Clear cell ovarian cancers make up 30 per cent of all new ovarian cancer cases here.
Of the 25 patients undergoing the trial, 40 per cent saw their tumours shrink by 30 per cent or more within the first 24 weeks of treatment, with 50 per cent of patients showing no disease progression for more than six months.
Conducted between 2021 and 2023 in Singapore and South Korea, the clinical trial involved clinicians and scientists from both countries, and the findings were published in The Lancet Oncology in February.
NCIS consultant Natalie Ngoi, the study’s first author, said: “Trials like ours are small but mean a lot for patients with rare cancer subtypes who are often excluded from larger randomised trials that focus on the common cancer subtypes.”
One of the patients, who wanted to be known as Michelle, joined the trial after two lines of standard chemotherapy were unsuccessful, but could not continue with the trial after a month due to her liver enzymes increasing beyond the acceptable range. However, the benefits persisted even after treatment had stopped, with tumours in her neck and pelvic lymph nodes continuing to shrink.
“I’m very grateful to experience the magic of this pembrolizumab and lenvatinib,” said the 49-year-old, adding that she hopes the treatment could be added to the Health Ministry’s cancer drug list.
Prof Tan noted that a recent study in the United States showed similar results, further validating the results of the Lara trial.
“We are currently working to try to get this combination into the US National Comprehensive Cancer Network guidelines, which would then guide our subsequent efforts to make this treatment available for patients in Singapore,” he said.
Treating triple negative breast cancer
Separately, another trial involving patients with untreated, advanced triple negative breast cancer has shown significant improvements in their survival.
Triple negative breast cancer is an aggressive subtype that disproportionately affects women under the age of 40, and is associated with early recurrence and shorter survival.
It accounts for some 15 per cent of all breast cancer cases in Singapore, said Professor Rebecca Dent, deputy clinical chief executive officer at the National Cancer Centre Singapore.
Trial patients were treated with datopotamab deruxtecan (Dato-DXd), an antibody-drug conjugate that targets and kills tumour cells while sparing healthy ones.
It is currently approved for another type of breast cancer, but not the triple negative variety.
The study, which was published in the journal Annals of Oncology in April, recruited 644 triple negative breast cancer patients across multiple countries, including the United States, China and Singapore.
It found that progression-free survival – the duration one lives with a disease without it worsening – doubled to a median 10.8 months using Dato-DXd compared with chemotherapy, while overall survival also improved with the new drug.

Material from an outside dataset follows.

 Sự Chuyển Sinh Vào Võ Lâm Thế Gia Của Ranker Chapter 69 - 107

Some 63 per cent of patients experienced a sustained shrinking of their tumours using Dato-DXd, compared with 29 per cent under chemotherapy.

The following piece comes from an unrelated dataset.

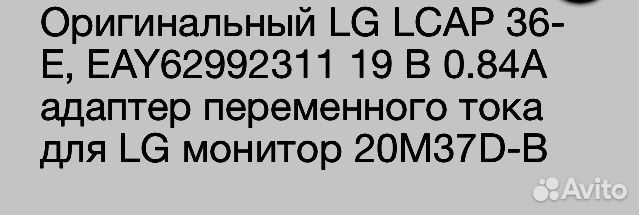 Адаптер LG оригинал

The drug is currently under review as a first-line treatment for triple negative breast cancer by both the US Food and Drug Administration and Singapore’s Health Sciences Authority, with Prof Dent hopeful that it receives approval within a year.
While tumours reduce in size using conventional treatments, they can often grow back, said Prof Dent, who is the study’s lead investigator.
“One thing that’s very consistent for all of these antibody-drug conjugates is that you can see a sustained response,” she said.